Nesta unidade tivemos contanto com a rica cultura material e imaterial deixada por nossos antepassados. Negros e ameríndios  deixaram suas marcas no Brasil e ajudaram na formação de nossa identidade. 
Nas artes, música, tradições populares e no mundo do trabalho, deixaram técnicas e tradições de seus povos, misturado crenças e práticas e criando novas formas de expressão. 
A religiosidade tem papel de destaque com as religiões afro-brasileiras, como o Candomblé e a Umbanda que muitas vezes misturam elementos das tradições africanas, ao catolicismo e ao kardecismo. O culto aos orixás tem se difundido e ganhado adeptos, mas mesmo assim continua sendo vítima do preconceito. 
Preconceito este que nos levou a expor a discussão sobre ações afirmativas e sistema de cotas, assunto polêmico que ainda se encontra em desenvolvimento e implantação no Brasil.
  
  
Referências Bibliográficas
BASTIDE, Roger. As religiões africanas no Brasil. São Paulo: EDUSP, 1960, vol.

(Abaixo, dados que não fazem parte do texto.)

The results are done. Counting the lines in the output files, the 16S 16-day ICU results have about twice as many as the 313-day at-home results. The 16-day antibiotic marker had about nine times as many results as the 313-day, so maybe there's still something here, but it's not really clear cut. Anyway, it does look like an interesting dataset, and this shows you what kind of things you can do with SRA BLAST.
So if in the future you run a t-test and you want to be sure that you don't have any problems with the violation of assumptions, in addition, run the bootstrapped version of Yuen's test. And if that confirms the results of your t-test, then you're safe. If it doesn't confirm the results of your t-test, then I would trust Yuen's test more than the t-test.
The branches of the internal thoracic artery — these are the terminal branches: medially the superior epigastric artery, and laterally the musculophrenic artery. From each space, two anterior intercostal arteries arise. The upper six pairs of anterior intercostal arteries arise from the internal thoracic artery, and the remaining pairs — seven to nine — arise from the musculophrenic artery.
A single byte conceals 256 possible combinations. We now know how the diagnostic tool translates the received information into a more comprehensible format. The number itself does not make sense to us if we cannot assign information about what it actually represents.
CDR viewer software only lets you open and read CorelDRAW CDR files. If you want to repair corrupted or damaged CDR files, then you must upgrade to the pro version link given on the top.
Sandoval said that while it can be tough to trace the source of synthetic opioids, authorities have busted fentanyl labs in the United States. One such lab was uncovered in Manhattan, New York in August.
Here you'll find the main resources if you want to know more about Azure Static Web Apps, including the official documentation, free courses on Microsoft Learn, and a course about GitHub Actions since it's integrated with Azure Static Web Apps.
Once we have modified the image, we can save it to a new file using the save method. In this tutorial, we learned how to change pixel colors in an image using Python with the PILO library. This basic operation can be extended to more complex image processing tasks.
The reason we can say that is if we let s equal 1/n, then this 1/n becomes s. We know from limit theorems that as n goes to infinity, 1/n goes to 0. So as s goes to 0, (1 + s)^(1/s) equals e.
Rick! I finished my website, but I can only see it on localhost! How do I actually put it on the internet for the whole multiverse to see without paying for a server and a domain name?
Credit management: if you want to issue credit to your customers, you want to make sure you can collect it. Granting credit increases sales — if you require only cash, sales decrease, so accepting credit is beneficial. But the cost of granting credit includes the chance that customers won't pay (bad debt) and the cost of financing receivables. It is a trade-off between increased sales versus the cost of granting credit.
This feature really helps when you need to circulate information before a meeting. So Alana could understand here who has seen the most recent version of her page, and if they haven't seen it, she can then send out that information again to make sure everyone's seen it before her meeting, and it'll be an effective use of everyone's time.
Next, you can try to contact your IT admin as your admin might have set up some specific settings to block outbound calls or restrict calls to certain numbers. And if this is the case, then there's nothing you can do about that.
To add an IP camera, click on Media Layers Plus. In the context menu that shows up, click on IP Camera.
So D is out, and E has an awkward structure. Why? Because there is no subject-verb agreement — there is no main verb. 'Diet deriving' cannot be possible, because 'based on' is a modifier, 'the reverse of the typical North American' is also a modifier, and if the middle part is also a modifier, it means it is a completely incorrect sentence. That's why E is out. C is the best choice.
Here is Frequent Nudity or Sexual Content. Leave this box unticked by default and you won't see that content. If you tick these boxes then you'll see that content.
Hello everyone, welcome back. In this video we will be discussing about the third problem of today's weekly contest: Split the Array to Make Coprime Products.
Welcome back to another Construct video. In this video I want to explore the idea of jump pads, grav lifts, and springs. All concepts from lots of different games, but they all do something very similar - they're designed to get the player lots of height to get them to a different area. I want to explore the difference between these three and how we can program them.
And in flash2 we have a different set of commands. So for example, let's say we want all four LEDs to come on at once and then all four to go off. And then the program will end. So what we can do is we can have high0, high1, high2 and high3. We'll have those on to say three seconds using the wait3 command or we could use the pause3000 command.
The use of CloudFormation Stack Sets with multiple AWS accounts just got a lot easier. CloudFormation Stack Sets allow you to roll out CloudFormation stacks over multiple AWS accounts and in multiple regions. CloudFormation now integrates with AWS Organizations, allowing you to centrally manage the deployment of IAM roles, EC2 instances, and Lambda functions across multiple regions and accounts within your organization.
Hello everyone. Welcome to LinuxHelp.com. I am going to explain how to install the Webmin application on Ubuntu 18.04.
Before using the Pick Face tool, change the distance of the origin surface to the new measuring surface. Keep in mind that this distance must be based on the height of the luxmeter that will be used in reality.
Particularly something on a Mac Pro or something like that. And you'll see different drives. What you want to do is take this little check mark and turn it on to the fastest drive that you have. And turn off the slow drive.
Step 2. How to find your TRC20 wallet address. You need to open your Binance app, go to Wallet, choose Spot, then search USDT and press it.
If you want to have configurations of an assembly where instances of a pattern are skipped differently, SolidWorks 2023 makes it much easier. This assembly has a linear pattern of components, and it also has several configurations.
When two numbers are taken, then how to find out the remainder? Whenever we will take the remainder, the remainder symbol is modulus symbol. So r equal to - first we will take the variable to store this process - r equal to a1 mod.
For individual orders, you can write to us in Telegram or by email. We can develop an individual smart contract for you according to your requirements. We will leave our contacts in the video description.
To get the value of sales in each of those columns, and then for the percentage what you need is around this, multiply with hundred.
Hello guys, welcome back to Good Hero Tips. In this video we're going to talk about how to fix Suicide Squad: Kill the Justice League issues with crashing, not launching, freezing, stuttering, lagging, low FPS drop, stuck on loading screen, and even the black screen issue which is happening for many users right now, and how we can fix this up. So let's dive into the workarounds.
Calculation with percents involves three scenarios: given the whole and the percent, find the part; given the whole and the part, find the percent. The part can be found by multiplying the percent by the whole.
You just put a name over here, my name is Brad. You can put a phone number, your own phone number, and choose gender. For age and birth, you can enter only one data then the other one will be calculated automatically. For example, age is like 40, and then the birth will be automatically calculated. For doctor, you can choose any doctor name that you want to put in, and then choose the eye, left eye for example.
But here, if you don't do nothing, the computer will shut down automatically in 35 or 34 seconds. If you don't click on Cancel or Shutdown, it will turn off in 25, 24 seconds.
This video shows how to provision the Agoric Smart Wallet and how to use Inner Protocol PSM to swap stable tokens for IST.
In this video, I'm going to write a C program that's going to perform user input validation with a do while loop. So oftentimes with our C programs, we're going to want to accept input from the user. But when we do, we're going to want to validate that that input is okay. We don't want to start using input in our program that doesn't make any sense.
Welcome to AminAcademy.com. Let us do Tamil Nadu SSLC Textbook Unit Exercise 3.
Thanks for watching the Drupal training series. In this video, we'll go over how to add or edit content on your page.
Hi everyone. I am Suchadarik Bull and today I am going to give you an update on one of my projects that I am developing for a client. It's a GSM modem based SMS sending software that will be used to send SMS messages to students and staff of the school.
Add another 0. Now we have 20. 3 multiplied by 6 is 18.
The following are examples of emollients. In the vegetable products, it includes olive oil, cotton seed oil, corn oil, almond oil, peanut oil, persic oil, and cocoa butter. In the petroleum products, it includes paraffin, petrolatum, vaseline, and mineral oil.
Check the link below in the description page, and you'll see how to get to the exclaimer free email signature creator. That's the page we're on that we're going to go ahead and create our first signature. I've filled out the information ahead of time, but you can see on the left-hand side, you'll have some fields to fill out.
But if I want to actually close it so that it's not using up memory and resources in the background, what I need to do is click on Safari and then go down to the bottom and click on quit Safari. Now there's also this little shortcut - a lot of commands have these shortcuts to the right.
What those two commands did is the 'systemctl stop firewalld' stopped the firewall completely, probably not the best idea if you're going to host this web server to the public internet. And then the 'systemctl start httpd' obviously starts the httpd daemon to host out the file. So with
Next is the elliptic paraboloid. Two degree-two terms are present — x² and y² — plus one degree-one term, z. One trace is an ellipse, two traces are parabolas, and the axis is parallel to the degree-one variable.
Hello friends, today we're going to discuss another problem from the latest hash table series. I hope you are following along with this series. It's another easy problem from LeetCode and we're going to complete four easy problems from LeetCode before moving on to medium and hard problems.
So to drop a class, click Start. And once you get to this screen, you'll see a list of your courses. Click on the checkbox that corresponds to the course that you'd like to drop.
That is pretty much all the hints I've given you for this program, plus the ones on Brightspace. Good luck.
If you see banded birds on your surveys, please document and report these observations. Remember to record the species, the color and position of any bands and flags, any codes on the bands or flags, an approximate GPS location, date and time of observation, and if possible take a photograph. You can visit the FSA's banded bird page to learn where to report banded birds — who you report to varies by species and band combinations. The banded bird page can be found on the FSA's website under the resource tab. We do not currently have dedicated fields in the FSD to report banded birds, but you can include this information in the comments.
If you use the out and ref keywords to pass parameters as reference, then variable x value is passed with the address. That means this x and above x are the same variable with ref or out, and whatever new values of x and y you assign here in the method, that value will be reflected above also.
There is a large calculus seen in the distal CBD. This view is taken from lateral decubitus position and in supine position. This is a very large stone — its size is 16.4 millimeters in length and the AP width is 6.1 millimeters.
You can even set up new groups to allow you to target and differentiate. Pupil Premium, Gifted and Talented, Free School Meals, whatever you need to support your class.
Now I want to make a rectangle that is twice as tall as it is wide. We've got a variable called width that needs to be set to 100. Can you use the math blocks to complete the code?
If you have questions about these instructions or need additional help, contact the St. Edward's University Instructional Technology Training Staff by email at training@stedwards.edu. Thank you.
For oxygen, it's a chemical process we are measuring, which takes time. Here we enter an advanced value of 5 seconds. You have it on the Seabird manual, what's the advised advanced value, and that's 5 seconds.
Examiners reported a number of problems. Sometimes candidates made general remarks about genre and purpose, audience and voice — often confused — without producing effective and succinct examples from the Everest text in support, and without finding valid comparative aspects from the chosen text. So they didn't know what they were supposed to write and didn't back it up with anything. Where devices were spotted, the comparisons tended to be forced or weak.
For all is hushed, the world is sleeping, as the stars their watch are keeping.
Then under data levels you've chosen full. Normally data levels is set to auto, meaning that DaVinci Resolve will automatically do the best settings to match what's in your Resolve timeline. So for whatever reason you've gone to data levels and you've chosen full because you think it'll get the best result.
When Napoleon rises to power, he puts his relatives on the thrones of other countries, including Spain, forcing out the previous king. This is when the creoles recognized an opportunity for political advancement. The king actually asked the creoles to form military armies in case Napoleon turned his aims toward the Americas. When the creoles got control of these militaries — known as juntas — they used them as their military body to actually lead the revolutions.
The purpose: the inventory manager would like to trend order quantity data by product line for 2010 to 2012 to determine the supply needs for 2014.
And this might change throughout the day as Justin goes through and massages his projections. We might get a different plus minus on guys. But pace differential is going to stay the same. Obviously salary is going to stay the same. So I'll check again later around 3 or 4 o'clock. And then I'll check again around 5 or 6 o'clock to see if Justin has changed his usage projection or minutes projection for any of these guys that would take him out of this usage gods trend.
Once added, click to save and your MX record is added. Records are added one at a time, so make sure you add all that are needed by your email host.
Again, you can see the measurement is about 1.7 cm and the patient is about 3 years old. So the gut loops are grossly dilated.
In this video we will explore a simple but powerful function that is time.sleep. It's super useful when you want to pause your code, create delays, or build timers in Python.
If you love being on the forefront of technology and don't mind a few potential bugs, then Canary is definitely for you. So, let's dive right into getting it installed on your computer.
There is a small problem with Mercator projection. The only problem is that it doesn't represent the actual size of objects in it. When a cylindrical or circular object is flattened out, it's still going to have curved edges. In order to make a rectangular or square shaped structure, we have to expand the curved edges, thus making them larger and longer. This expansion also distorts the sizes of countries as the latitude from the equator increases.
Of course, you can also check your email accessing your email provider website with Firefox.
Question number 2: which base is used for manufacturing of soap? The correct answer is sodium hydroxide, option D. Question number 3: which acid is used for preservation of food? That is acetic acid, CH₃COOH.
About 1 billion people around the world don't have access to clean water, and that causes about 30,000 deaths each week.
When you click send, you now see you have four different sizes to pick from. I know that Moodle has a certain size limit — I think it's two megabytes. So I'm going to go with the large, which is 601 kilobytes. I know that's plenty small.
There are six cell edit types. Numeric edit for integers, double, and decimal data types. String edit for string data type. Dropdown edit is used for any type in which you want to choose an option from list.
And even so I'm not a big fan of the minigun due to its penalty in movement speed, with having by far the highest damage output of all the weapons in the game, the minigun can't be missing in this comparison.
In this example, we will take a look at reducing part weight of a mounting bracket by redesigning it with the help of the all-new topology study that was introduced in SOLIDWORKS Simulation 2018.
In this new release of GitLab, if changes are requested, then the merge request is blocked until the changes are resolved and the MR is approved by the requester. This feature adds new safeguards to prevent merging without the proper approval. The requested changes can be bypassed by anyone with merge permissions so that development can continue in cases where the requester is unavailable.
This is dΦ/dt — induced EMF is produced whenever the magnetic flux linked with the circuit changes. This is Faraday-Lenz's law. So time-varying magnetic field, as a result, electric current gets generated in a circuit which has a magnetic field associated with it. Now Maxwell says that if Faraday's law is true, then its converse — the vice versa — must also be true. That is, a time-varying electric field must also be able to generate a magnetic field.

II. 
MUNANGA, Kabengele. “Uma abordagem conceitual das noções de raça, racismo, identidade e etnia”. In: BRANDÃO, André Augusto. Programa de educação sobre o negro na sociedade brasileira, Rio de janeiro: EDUFF, 2004. 
____________________. Rediscutindo a mestiçagem no Brasil: identidade nacional versus identidade negra. Petrópolis: Vozes, 1999. 
SILVA, Vagner Gonçalves. Candomblé e Umbanda: caminhos da devoção brasileira. São Paulo: Ática, 1994. 
SOUZA, Marina de Mello e. “Santo Antônio de nó-de-pinho e o catolicismo afro-brasileiro”. Rio de Janeiro: Tempo, nº. 11, Julho de 2001, pp. 171-188. 
______________________. África e Brasil africano. São Paulo: Ática, 2006.